I picked my son up from school on that Tuesday afternoon and we made the three hour trek from Detroit to Cleveland. It was a beautiful night in Cleveland when we made our way to our seats in Section 556 in the upper deck behind homeplate. The game was obviously a sell out and excitement - Cleveland Indians excitement - was in the air.

Seated to my left was a father with his young son. He was obviously a true baseball fan. He struck up a conversation with me. I told him we had just drove in from Detroit. We talked throughout the night about the strength and weaknesses of various players on each of the teams. When the Indians got a hit or scored, he cheered. When the Tigers got a hit or scored, I cheered. In between we were both just fans of the game, conversing about its fundamentals and enjoying the atmosphere.

The other 41,000 plus Indians fans, however, were not such baseball purists. The usual drunks around us were obnoxious as each Tiger player came to the plate. But those “fans” also showed their total ignorance throughout the night.

With the score tied at 1 in the second inning, the Tigers had 6 hits to the Indians one. The fans around us were saying things like, “Detroit really sucks,” and “Yeah, Detroit hasn’t been any good for years.” My 14 year old son pointed out to me that the score was TIED, the Tigers had five MORE hits than Cleveland and, oh by the way, Detroit was in the World Series just last year!
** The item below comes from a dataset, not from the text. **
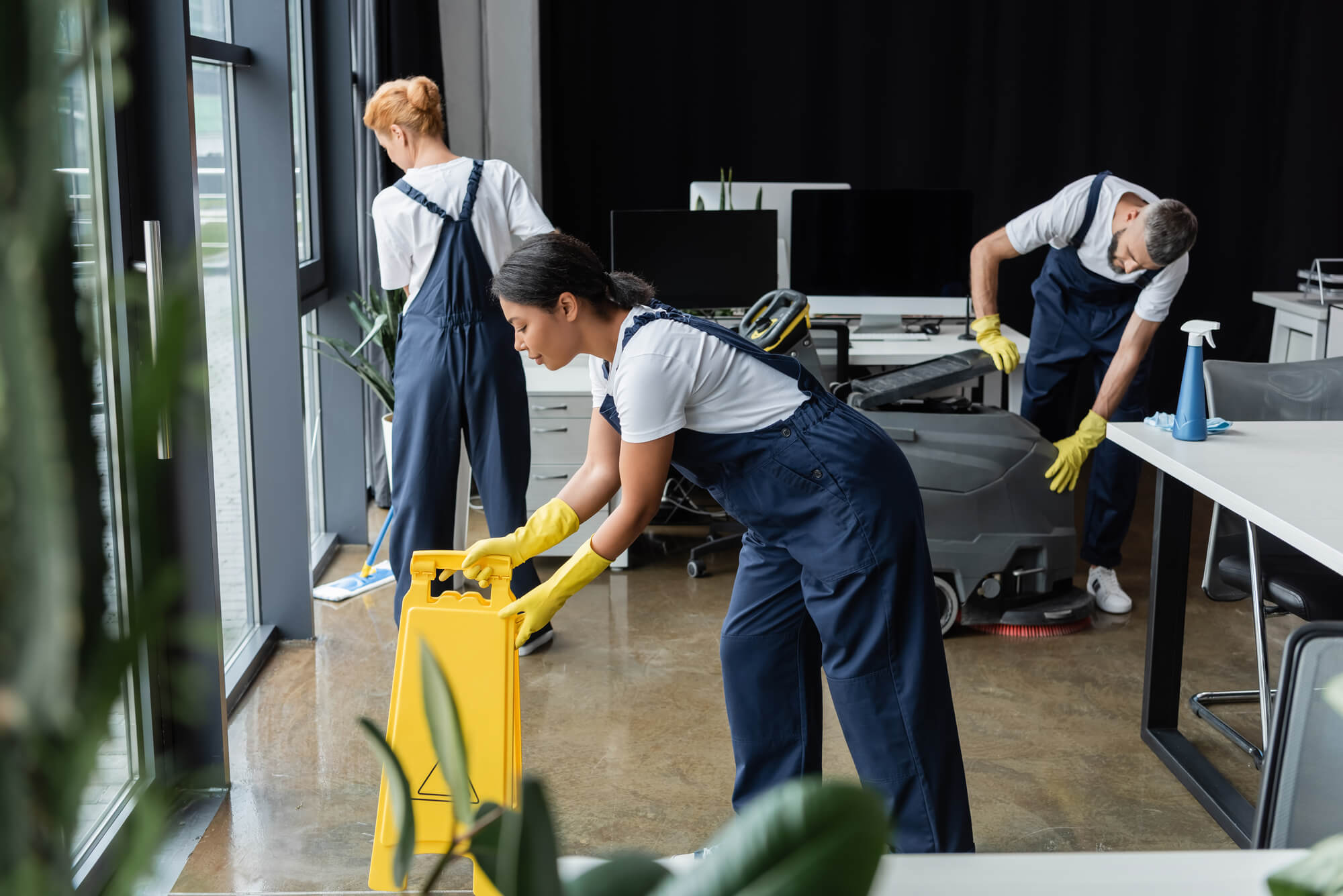 three people cleaning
Which team honestly sucked?

By the 7th inning stretch, with the Indians up 7-4, the entire stadium of 41,000 “fans” began loudly chanting “De - troit Sucks!” What was up until that point just the rantings of a couple of drunks became for me a real indication of just how far sportsmanship has eroded in our culture. 
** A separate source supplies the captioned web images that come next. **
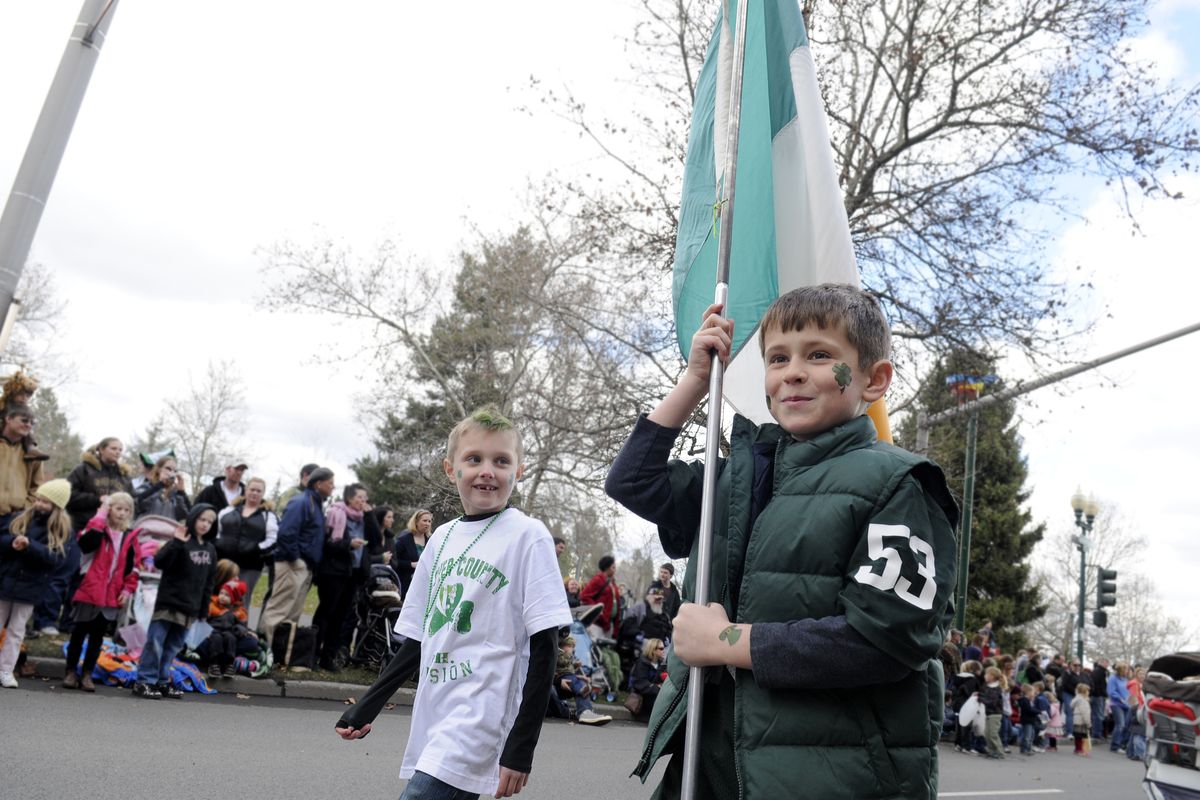 Johnny Symms, 9, carries an Irish flag and walks beside Braeden Welsh, 7, in the St. Patrick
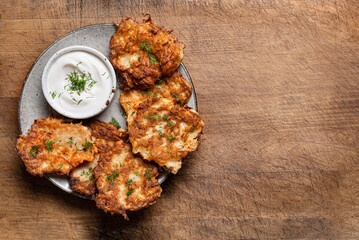 Potato latkes with herbs and sour cream
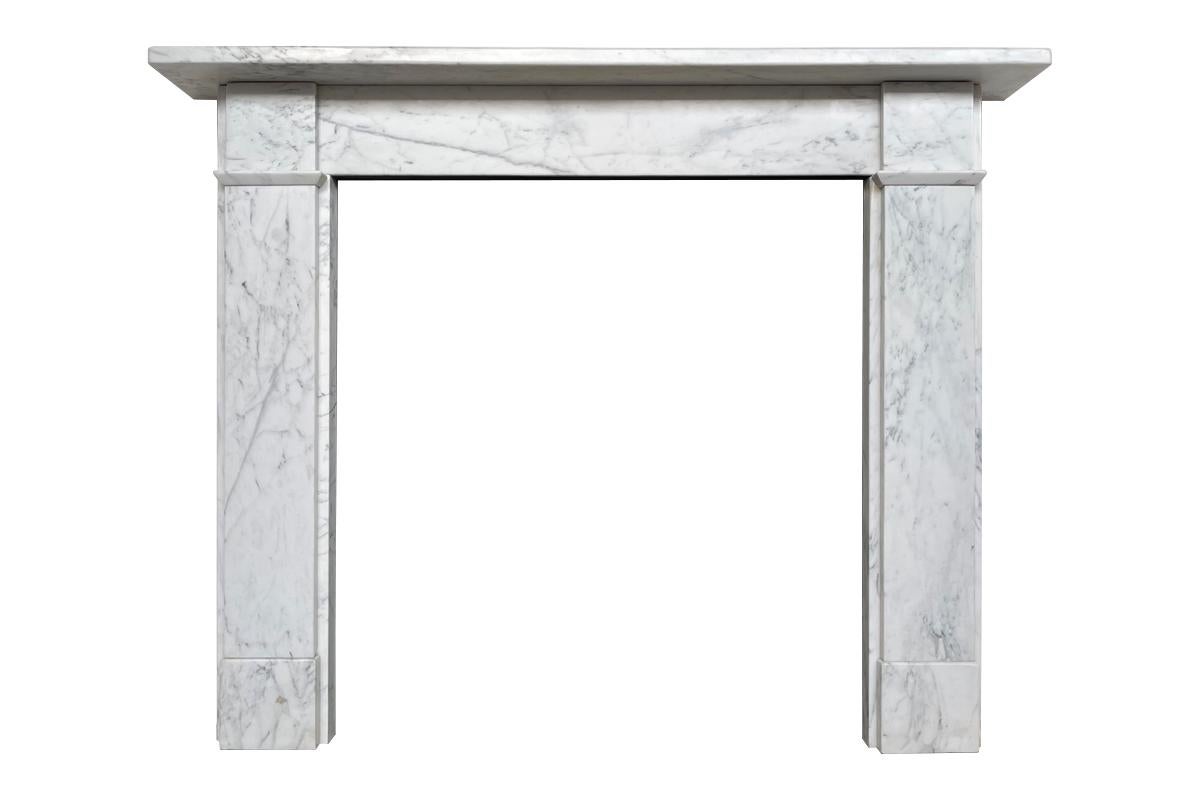 An antique Victorian fireplace surround of simple form in well figured Carrara marble. Plain jambs sit on square plinths and terminate in unadorned square capitals. Circa 1880.

For detailed sizes please see the size diagram in the image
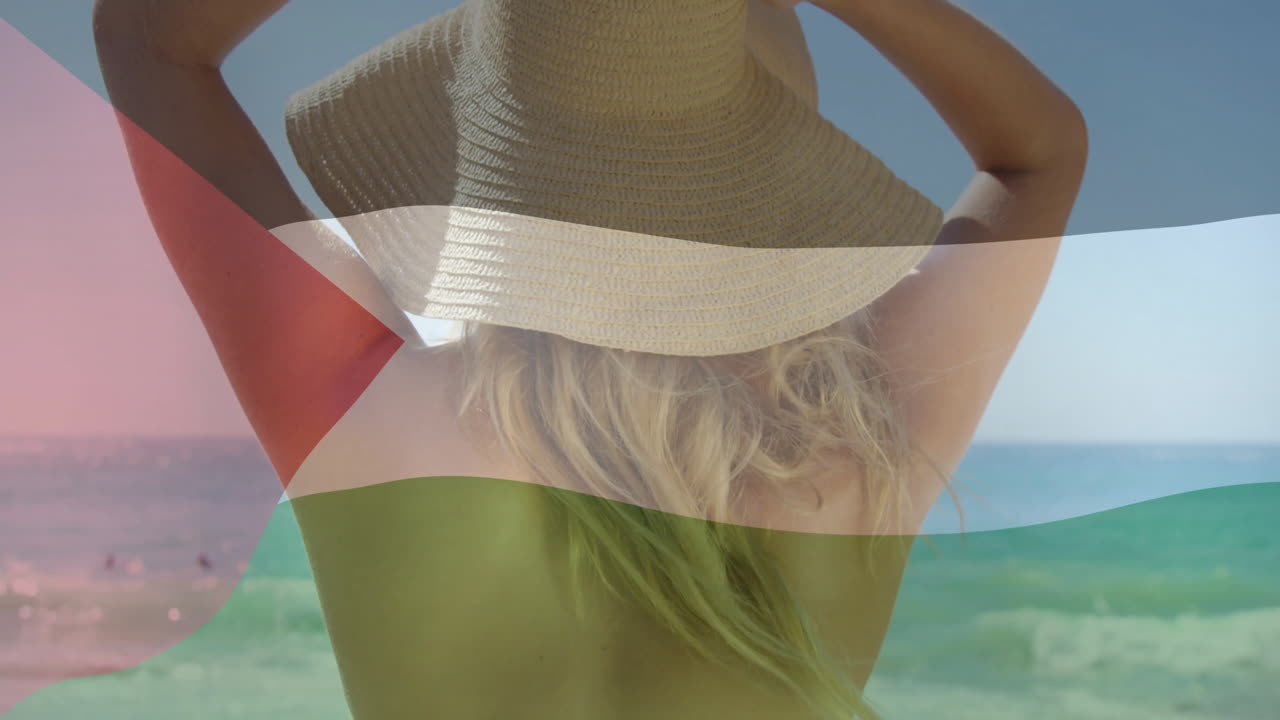 Woman with sun hat on beach, Palestinian flag animation overlay in background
I attended about 50 games at the Ballpark in Arlington when I lived there from 1997 - 99. I’ve attended about that many at Comerica Park since 2000. NEVER have I experienced the level of anomisity toward an opposing team like I did that Tuesday night in Cleveland. It’s one thing to root, root, root for the home team. What my son and I experienced was borderline psychotic hatred for the opposing team.
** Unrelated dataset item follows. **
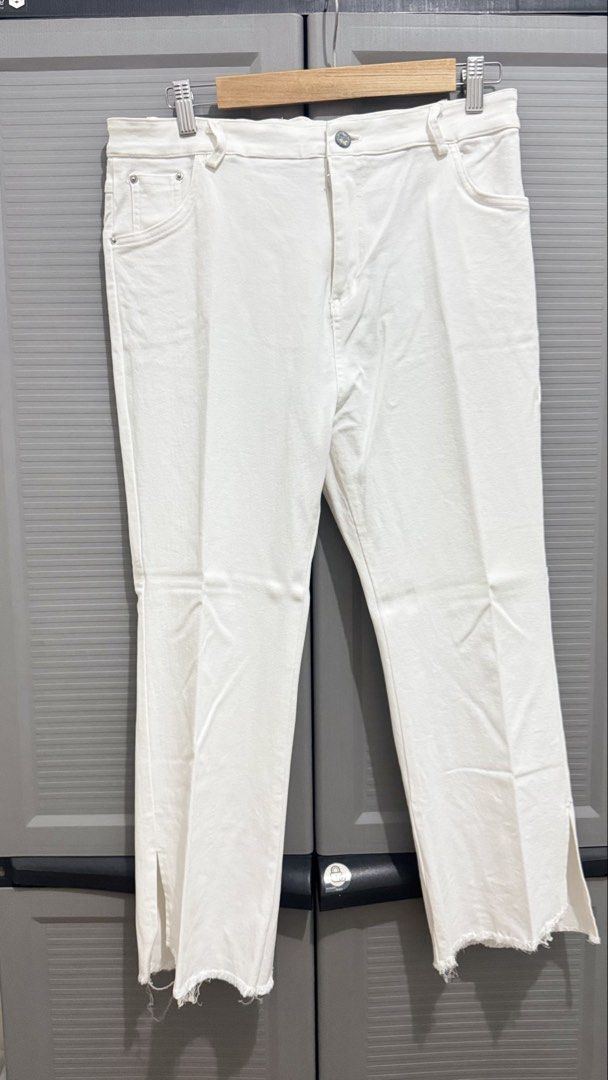 White denim pants with raw hem and side slits (Category: Jeans) located in Quezon City. Submitted by heyhaveaniceday (Listing ID 1465496119, Image 1). Description: - Style: Straight cut, ankle length with trendy side slits at the bottom hems - Detailing: Raw frayed hems and distressed top edges on the back patch pockets - Design: Classic standard five-pocket setup with a front button and zip closure - Color: Solid crisp white - Condition: Brand n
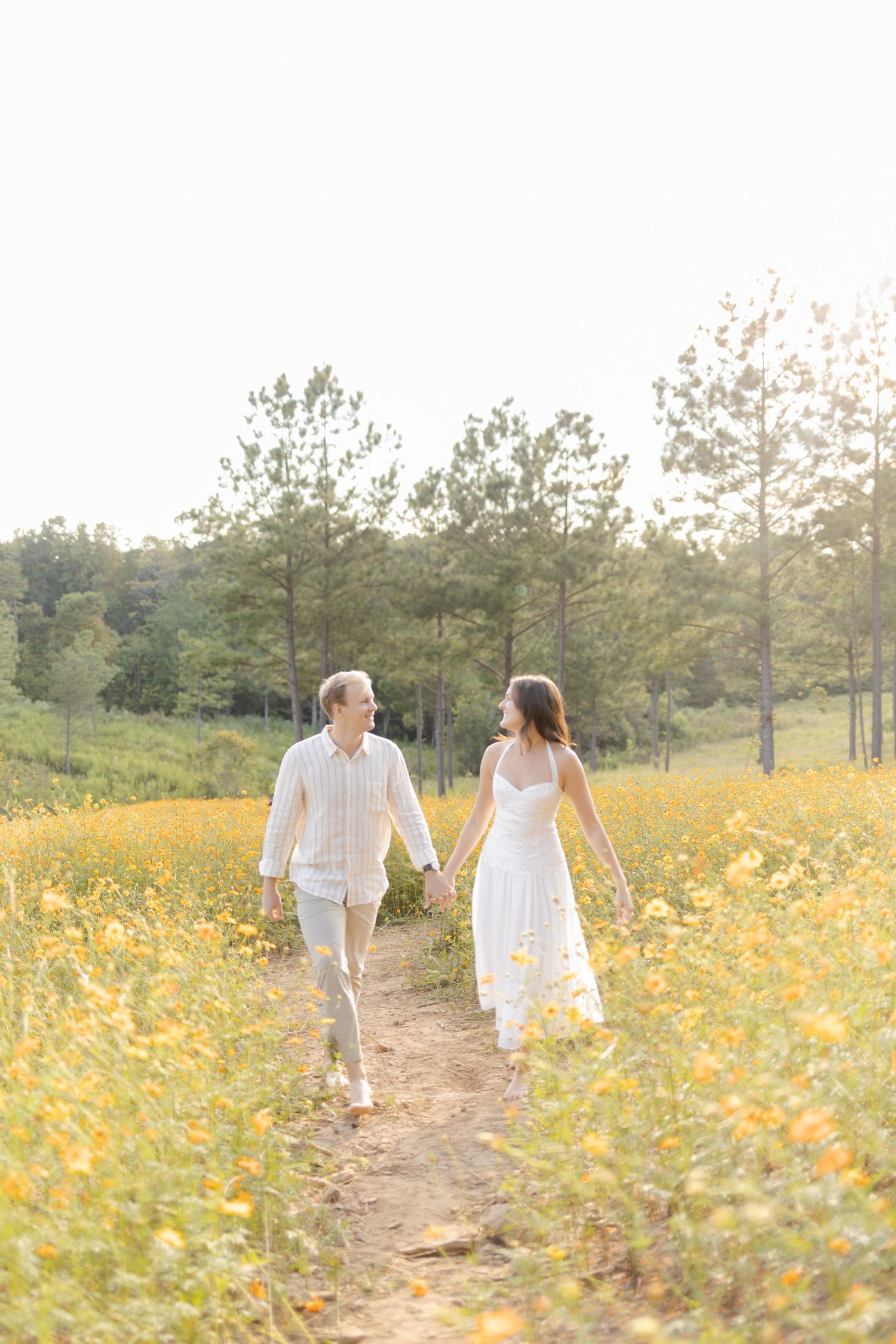 Couple walking hand in hand through a path surrounded by yellow wildflowers and pine trees during lifestyle portrait photoshoot.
Why? Why was it necessary for 41,000 fans to expend such energy expressing their hatred for the Detroit Tigers - one of the best teams in baseball - rather than simply cheering on the home team? I think it’s because in our competitive culture it is no longer enough to win. Now the mob must swoop in for the kill like a pack of hungry wolves, emotionally devouring the perceived enemy.

My entire attitude about the City of Cleveland has changed. I actually had thought at one time in my life I might like to live in that city, broadcast The Paul Edwards Program from there, and join Parkside Church where Alistair Begg pastors.

Not now. Not ever. Walking out of Jacobs Field during the 7th Inning Stretch that night, I was never prouder to be from Michigan, never prouder to be a Detroiter, and never prouder of the team that was losing that night with grace and dignity in front of 41,000 of the worst examples of Baseball “fans” I have ever seen. The City of Cleveland owes Jim Leyland and his Detroit Tigers an apology. Don’t hold your breath - unless you happen to be driving through Cleveland.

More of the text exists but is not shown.